> [Task instructions]
Using the listing below, set down each line from the line containing "Let's discuss the" through the line containing "In the Friday", both ends included, exactly and with nothing added.

Top of The input

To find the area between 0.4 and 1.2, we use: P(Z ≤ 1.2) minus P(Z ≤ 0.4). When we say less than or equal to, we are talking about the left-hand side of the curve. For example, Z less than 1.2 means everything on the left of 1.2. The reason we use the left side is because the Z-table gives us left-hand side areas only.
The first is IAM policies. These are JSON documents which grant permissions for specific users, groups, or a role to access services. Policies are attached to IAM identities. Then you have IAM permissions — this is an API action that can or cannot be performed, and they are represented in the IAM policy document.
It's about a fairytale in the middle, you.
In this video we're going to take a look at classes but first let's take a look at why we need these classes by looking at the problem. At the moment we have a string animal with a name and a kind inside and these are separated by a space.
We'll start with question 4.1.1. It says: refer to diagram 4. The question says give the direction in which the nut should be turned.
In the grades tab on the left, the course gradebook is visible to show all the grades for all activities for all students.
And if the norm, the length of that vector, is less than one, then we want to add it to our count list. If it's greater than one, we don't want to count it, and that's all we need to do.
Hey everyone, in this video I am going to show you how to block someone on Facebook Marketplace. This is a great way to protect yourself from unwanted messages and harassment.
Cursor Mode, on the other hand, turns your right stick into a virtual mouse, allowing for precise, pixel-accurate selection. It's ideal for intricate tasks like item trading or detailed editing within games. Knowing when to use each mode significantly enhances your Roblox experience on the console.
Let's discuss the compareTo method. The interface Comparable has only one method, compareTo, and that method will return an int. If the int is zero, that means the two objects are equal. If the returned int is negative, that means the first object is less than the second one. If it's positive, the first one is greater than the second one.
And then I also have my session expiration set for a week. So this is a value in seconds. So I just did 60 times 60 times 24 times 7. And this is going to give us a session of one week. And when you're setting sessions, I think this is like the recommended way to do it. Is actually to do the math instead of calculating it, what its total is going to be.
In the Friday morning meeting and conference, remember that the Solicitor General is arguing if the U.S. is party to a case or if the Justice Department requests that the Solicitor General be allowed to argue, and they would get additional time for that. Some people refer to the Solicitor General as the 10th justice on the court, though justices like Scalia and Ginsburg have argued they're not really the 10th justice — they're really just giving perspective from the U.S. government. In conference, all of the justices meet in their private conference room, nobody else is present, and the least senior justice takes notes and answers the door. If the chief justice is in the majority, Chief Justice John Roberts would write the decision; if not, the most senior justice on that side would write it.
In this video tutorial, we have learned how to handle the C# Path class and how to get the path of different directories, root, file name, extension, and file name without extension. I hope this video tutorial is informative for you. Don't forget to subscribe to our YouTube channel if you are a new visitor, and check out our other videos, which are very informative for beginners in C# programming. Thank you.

Bottom of The input

> [Response below]
Let's discuss the compareTo method. The interface Comparable has only one method, compareTo, and that method will return an int. If the int is zero, that means the two objects are equal. If the returned int is negative, that means the first object is less than the second one. If it's positive, the first one is greater than the second one.
And then I also have my session expiration set for a week. So this is a value in seconds. So I just did 60 times 60 times 24 times 7. And this is going to give us a session of one week. And when you're setting sessions, I think this is like the recommended way to do it. Is actually to do the math instead of calculating it, what its total is going to be.
In the Friday morning meeting and conference, remember that the Solicitor General is arguing if the U.S. is party to a case or if the Justice Department requests that the Solicitor General be allowed to argue, and they would get additional time for that. Some people refer to the Solicitor General as the 10th justice on the court, though justices like Scalia and Ginsburg have argued they're not really the 10th justice — they're really just giving perspective from the U.S. government. In conference, all of the justices meet in their private conference room, nobody else is present, and the least senior justice takes notes and answers the door. If the chief justice is in the majority, Chief Justice John Roberts would write the decision; if not, the most senior justice on that side would write it.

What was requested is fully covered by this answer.